Hardware accelerators are also incompatible with software simulators. Because the hardware accelerator cannot easily cope with the behavioral logic that is used to implement complex assertions and memory checks, behavioral logic must reside outside the accelerator, and communicate with it via vector-level data. The consequent increase in data volume can slash claimed performance by 90% or more – sometimes, acceleration numbers of 1,000X can be achieved only under a very restricted set of conditions. In addition, the approach limits visibility into functional behavior, causing much of the time won in acceleration to be lost in debug.

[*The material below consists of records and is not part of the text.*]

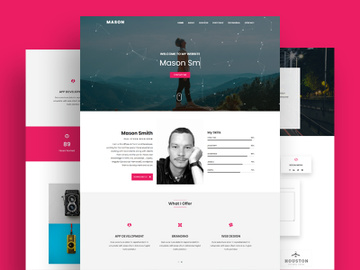 Mason - Personal Portfolio HTML Template
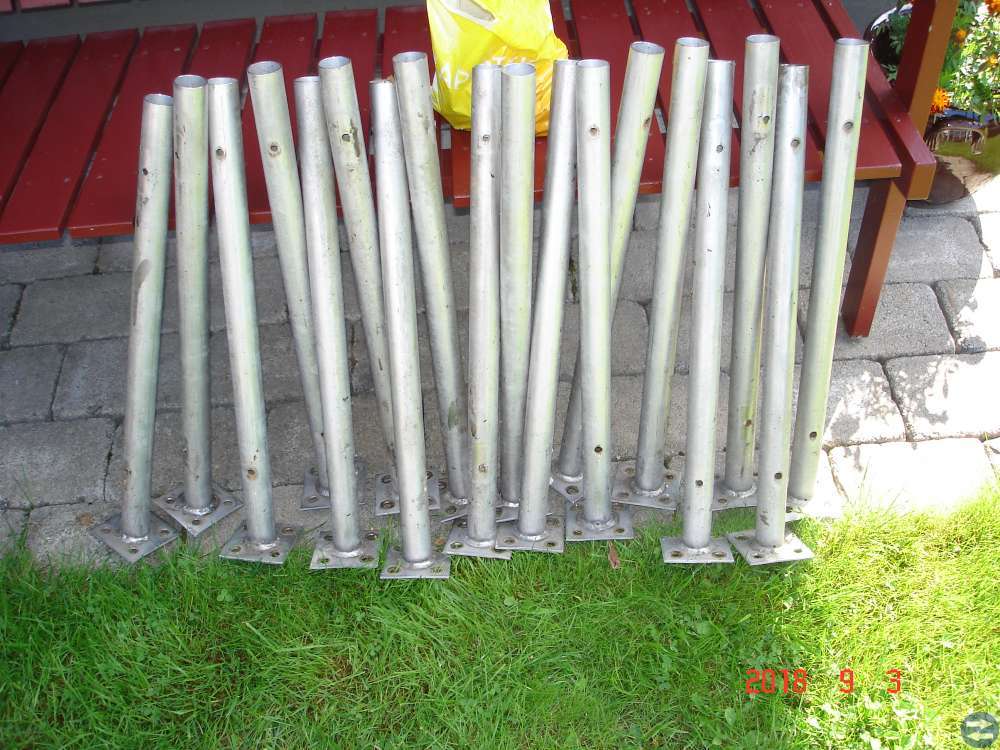Staketstolpar, rostfria.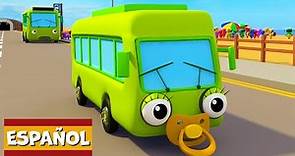 5 autobuses verdes | Garaje de Gecko | Carros para niños | Vídeos educativos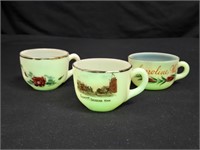 (6) Heisey Custard Glass Souvenir Cups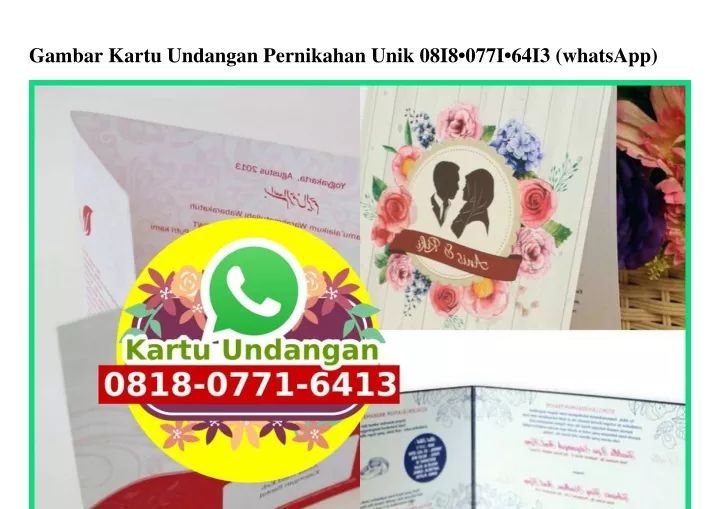 gambar kartu undangan pernikahan unik 08i8 077i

Hybrid simulation of the whole design
Increasing processor speed, increasing processor count, moving to a higher level of abstraction and using hardware acceleration do not deliver the requisite order-of-magnitude increases in productivity. To crack the problem, we must look at the critical bottleneck: the standard processor and its associated cache. The answer is to use a very long instruction word (VLIW) processor to increase instruction- level and hardware resource parallelism – and to eliminate the cache limitation.
A VLIW processor turbocharges a server or desktop computer and standard software simulator, boosting throughput by 10X to 100X. The VLIW processor executes simulation using popular software simulators. This hybrid simulator has a large memory bandwidth and a large processor bandwidth, so processor speed is not a limiting factor in performance. The hybrid simulator’s processing efficiency translates directly into major productivity gains. The processing efficiency of the hybrid simulator compared to that of a software simulator running on standard processing hardware is shown in Figure 1. The graph itself is a plot of processor efficiency against the cache-miss ratio.
The server farm can easily cope with executing a large number of parallel tests, each of which requires a few minutes to run. However, tests that cannot be partitioned into parallel tasks may run for hours, or even days, often restricting the opportunity for whole testbench regression testing to one per week. Using hybrid simulation to accelerate these tests by 10X or more, you can allow the design team to run regression tests daily.
The hybrid simulator compiles both synthesizable and behavioral RTL. It therefore supports the behavioral mapping of temporal assertions and other non-synthesizable checks, such as SystemVerilog Assertions (SVA) and Property Specification Language (PSL) assertions. Since hybrid simulation incorporates and supports testbench instructions, it can reduce a 20% testbench runtime overhead to 10% or even 5%, an acceleration factor of 2X to 4X against a traditional hardware accelerator, where the testbench must reside externally.
Hybrid simulation requires none of the implementation of chip functionality necessary in hardware acceleration. Therefore, its compile and set-up time is comparable to that of software simulators. Consequently, designers can use it in any phase of the design without incurring the time penalties of hardware acceleration compile and set-up.
A hybrid simulator suffers none of the design and testbench restrictions of a hardware accelerator. In fact, to the user, a hybrid simulation looks exactly like an ordinary software simulation.
The bottom line
A 10X reduction in verification time dramatically increases productivity and reduces time-to-market. In capital cost terms, the hybrid simulator can deliver the same performance as did 10 servers previously at about half the cost, while reusing existing simulation software licenses. The hybrid simulator leverages the existing investment in hardware, and reduces the need to expand server farm capacity.
In conclusion, hybrid simulation can bring the order-of-magnitude productivity increases to verification that logic simulation delivered for design in the 1980s and fundamentally change the economics of this increasingly challenging task.